Common Emitter (CE) Amplifier | Operating Point

The Operating Point of Common Emitter Amplifier

From the study of transistor characteristics, we find that amplification by transistor amplifier is most linear when the transistor operates in its active region. Hence the operating point must be suitably placed in the middle of the active region by suitable selection of external energy associated biasing circuit.

Circuit Description of Common Emitter (CE) Amplifier

Figure 1 gives the basic circuit of CE amplifier using NPN transistor bias through use of resistor R_b. Here capacitor C_b1, acts as the coupling capacitor to couple the input signal to the base-to-emitter terminals of the transistor. One end of the input voltage V_i is at the ground potential. Vcc is the collector supply voltage which serves the additional function of providing the bias current I_B. Under zero signal condition, C_b1 acts as an open circuit since the reactance of a capacitor is infinity at zero frequency (dc).

Thus, the capacitor C_bl acts as blocking capacitor. Normally C_b1 is chosen so large that at the lowest signal frequency, its reactance is small enough to be considered as a short circuit.

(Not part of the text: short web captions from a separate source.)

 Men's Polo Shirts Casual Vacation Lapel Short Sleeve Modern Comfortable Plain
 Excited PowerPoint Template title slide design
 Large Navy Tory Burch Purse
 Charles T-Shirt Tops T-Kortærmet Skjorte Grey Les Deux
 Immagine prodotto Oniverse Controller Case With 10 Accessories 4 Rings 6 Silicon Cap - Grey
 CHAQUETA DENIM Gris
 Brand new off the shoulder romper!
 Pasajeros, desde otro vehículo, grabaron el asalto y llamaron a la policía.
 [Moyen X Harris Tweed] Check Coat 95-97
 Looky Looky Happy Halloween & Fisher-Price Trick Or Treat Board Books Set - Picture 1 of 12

Thus, capacitor C_b1 blocks dc voltage but passes a.c. signal voltage. Similarly, capacitor C_b2 serves the same two functions. Thus, C_b2 works as coupling capacitor and feeds the amplified a.c. signal to constitute the output voltage V₀ across RL. Simultaneously C_b2 blocks the d.c. voltage. Thus, the amplified output a.c. voltage may be applied to the input of the next amplifier stage without affecting the bias of the next stage.

DC and AC Load Lines | Common Emitter (CE) Amplifier

For given collector characteristics and transistor biasing, selection of proper operating point involves selection of suitable values of R_c and Vcc.

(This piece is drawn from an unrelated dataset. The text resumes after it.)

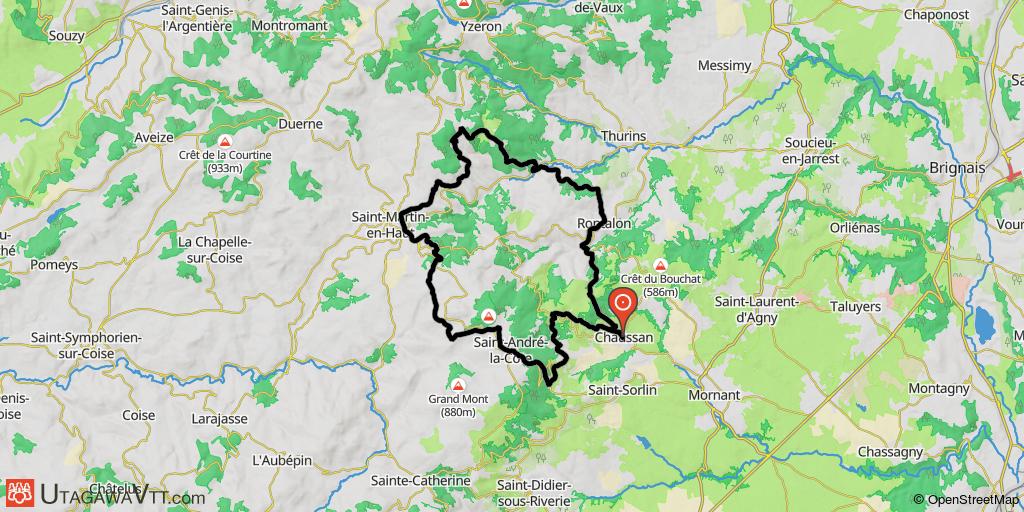 Chaussan - Sous le signal Saint Martin en Haut - Rochefort - Rontalon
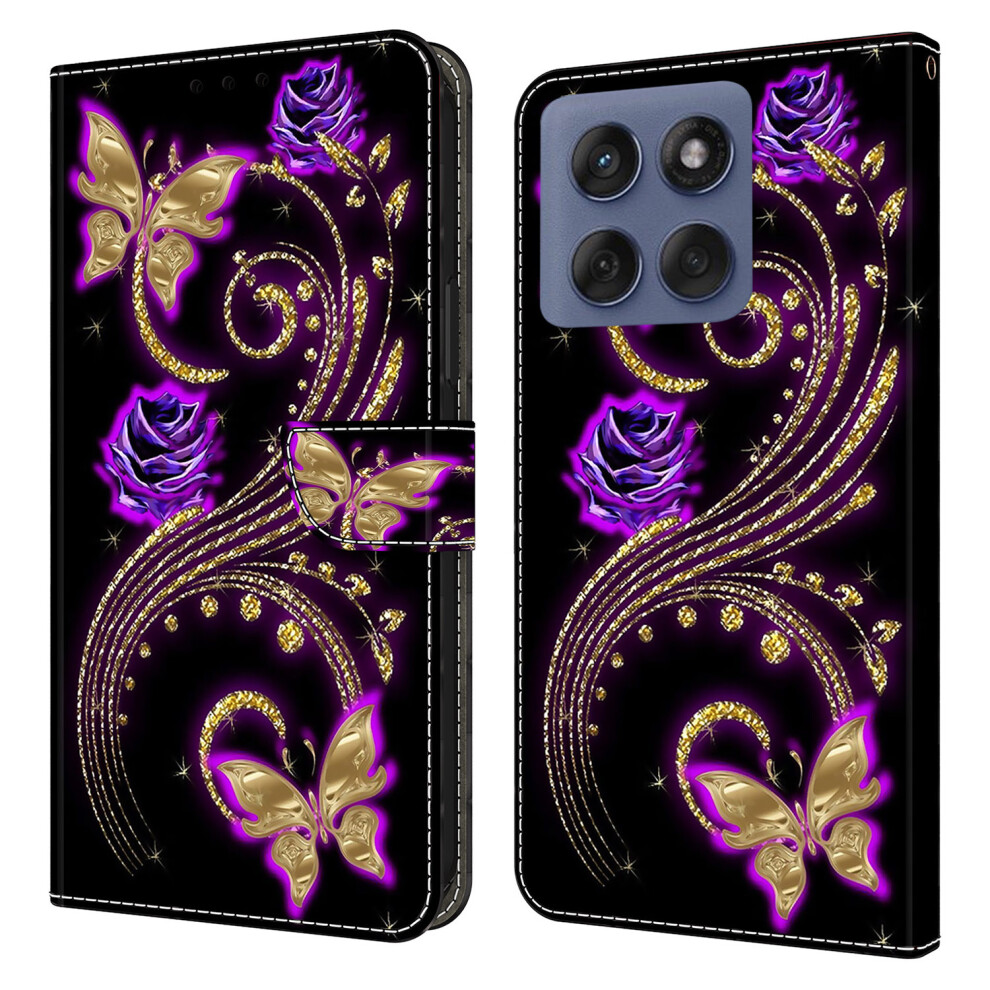 ( Flowers Butterflies) For Motorola Edge 60 5G Cases Purple 6914283239917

Collector current Ic is a function of V_CE and base bias current I_B and may be put mathematically as,

$I_C = f (V_{CE},I_{B})$ …..(1)

Equation 1 represents the static output characteristic of the CE transistor for base current I_B.

On applying Kirchhoff’s voltage law (KVL) to the collector circuit including only R_C. (excluding C_b2 and R_L) We get,

$V_{cc} = I_C R_c + V_{CE}$ …..(2)

Equation 2 represents a straight line having intercept Vcc on the voltage axis and intercept $\dfrac{V_{CC}}{R_c}$ on the current axis. The slope of this line equals $\dfrac{-1}{R_c}$ . This line is referred to as the load line and represents the dynamic characteristic of the device. The zero-signal operating point must be suitably located on this load line. This, in turn, depends on the value If R_L. If $R_L = \infty$ , R_L can be neglected and then for large symmetrical input signal (base current in this case), the operating point P₁ should be located in the centre of the dc load line. Vc and Ic are the zero-signal collector voltage and collector current respectively at the operating point. Next on application of a time varying signal, base current varies symmetrically on either side of I_B1, the point of operating moves along dc load line symmetrically about the zero-signal operating point P₁ and the instantaneous collector voltage and collector current vary approximately symmetrically about the zero-signal values Vc and Ic respectively.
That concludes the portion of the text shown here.